◆ Work required ◆
Transcribe every entry word for word, leaving out all images.

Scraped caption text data
* * * *

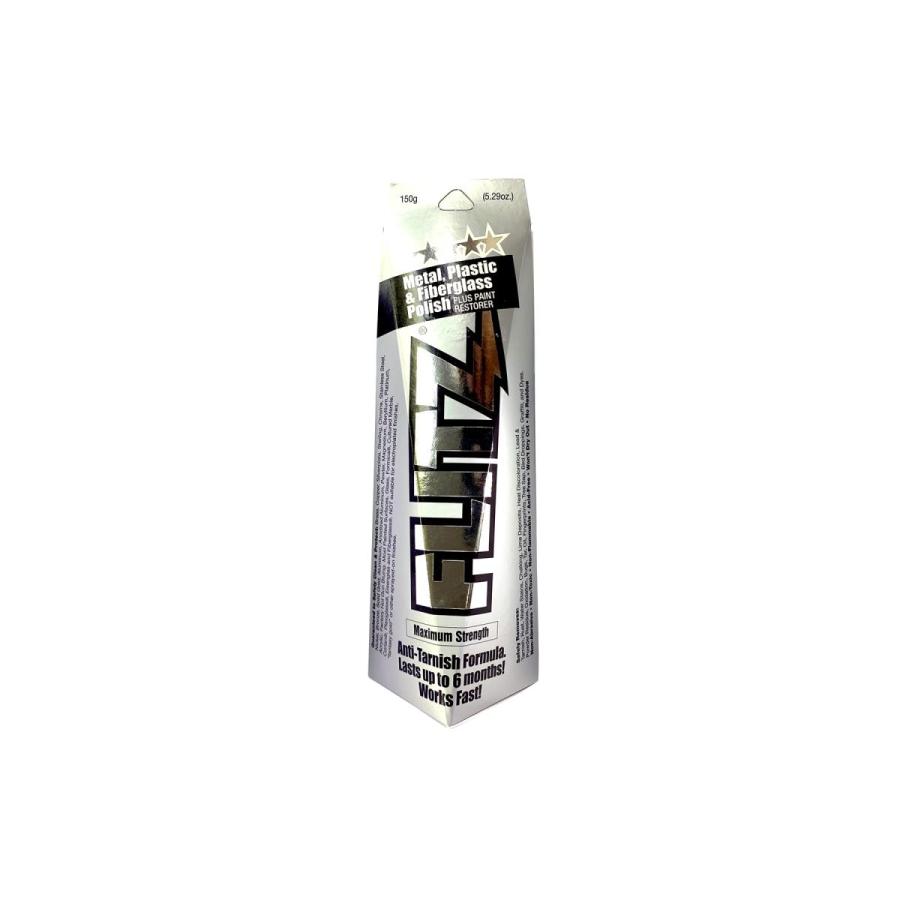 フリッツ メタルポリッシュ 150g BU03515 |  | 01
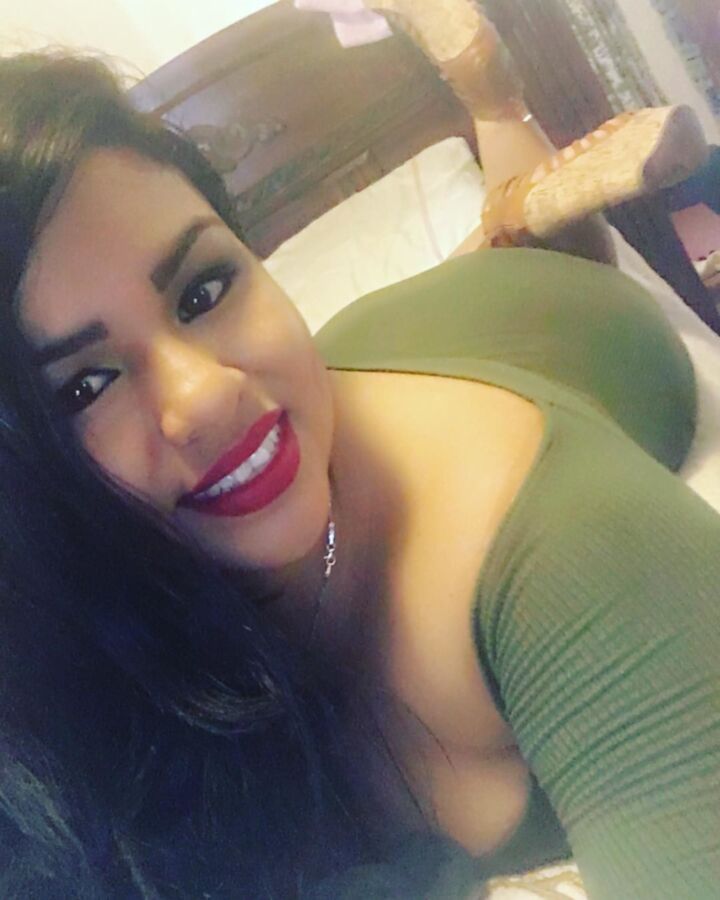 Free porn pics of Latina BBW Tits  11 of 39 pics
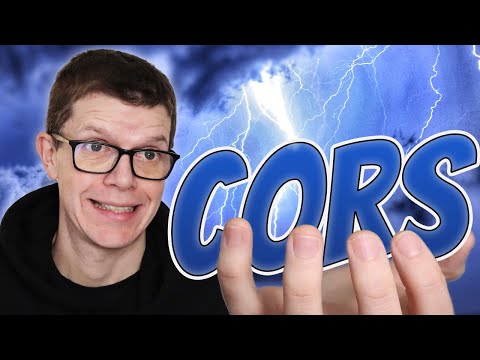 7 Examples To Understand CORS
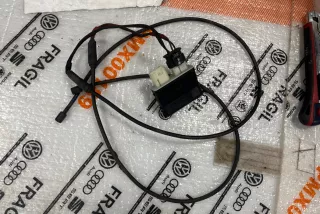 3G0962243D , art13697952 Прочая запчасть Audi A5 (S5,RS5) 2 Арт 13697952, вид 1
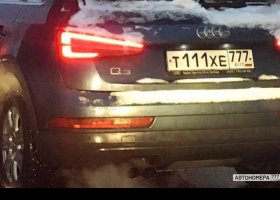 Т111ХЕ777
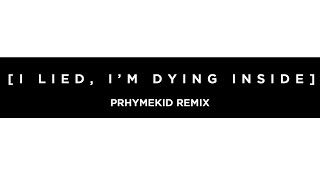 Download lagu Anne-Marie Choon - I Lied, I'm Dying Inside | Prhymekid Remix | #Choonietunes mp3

* * * *

◆ Solution ◆
 フリッツ メタルポリッシュ 150g BU03515 |  | 01
 Free porn pics of Latina BBW Tits  11 of 39 pics
 7 Examples To Understand CORS
 3G0962243D , art13697952 Прочая запчасть Audi A5 (S5,RS5) 2 Арт 13697952, вид 1
 Т111ХЕ777
 Download lagu Anne-Marie Choon - I Lied, I'm Dying Inside | Prhymekid Remix | #Choonietunes mp3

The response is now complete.